12.08 GOVERNING LAW; SUBMISSION TO JURISDICTION; VENUE.(a) THIS
AGREEMENT AND THE OTHER CREDIT DOCUMENTS AND THE RIGHTS AND OBLIGATIONS OF THE
PARTIES HEREUNDER AND THEREUNDER SHALL BE CONSTRUED IN ACCORDANCE WITH AND BE
GOVERNED BY THE LAW OF THE STATE OF NEW YORK. Any legal action or proceeding
with respect to this Agreement or any other Credit Document may be brought in
the courts of the State of New York or of the United States for the Southern
District of New York, in each case located within the City of New York and, by
execution and delivery of this Agreement, each Credit Party hereby irrevocably
accepts for itself and in respect of its property, generally and
unconditionally, the jurisdiction of the aforesaid courts. Each Credit Party
hereby further irrevocably waives any claim that any such courts lack
jurisdiction over such Credit Party, and agrees not to plead or claim, in any
legal action or proceeding with respect to this Agreement or any other Credit
Document brought in any of the aforesaid courts, that any such court lacks
jurisdiction over such Credit Party. Each Credit Party irrevocably consents to
the service of process in any such action or proceeding by the mailing of copies
thereof by registered or certified mail, postage prepaid, to such Credit Party,
at its address for notices pursuant to Section 12.03, such service to become
effective 30 days after such mailing.

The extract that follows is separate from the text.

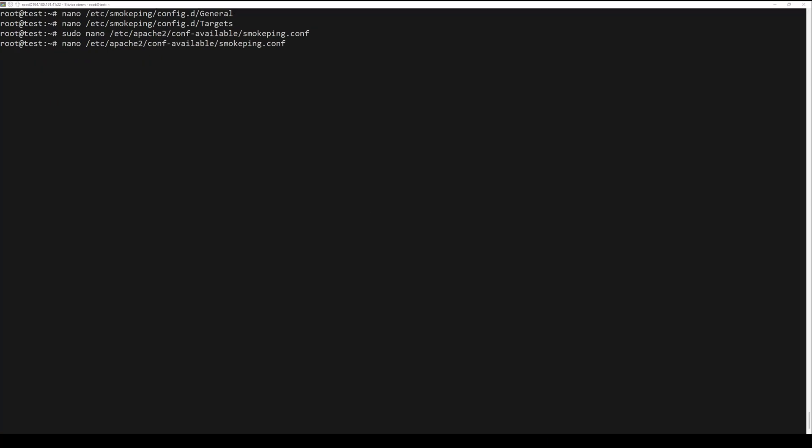Create a SmokePing Apache configuration file with the next command and add the following content.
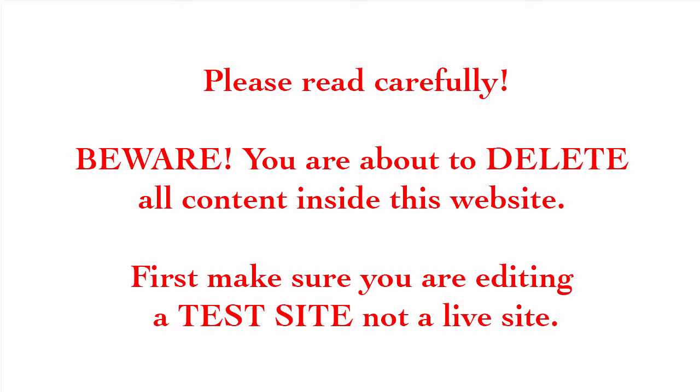But please read this carefully. Beware, you are about to delete all of the content inside this website. First, make sure you are editing your test site and not a live site.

Each Credit Party hereby irrevocably
waives any objection to such service of process and further irrevocably waives
and agrees not to plead or claim in any action or proceeding commenced hereunder
or under any other Credit Document that service of process was in any way
invalid or ineffective. Nothing herein shall affect the right of the Agents, the
Documentation Agent, the Collateral Agent or any Lender or the holder of any
Note to serve process in any other manner permitted by law or to commence legal
proceedings or otherwise proceed against any Credit Party in any other
jurisdiction.
(b) Each Credit Party hereby irrevocably waives any objection which it
may now or hereafter have to the laying of venue of any of the aforesaid actions
or proceedings arising out of or in connection with this Agreement or any other
Credit Document brought in the courts referred to in clause (a) above and hereby
further irrevocably waives and agrees not to plead or claim in any such court
that any such action or proceeding brought in any such court has been brought in
an inconvenient forum.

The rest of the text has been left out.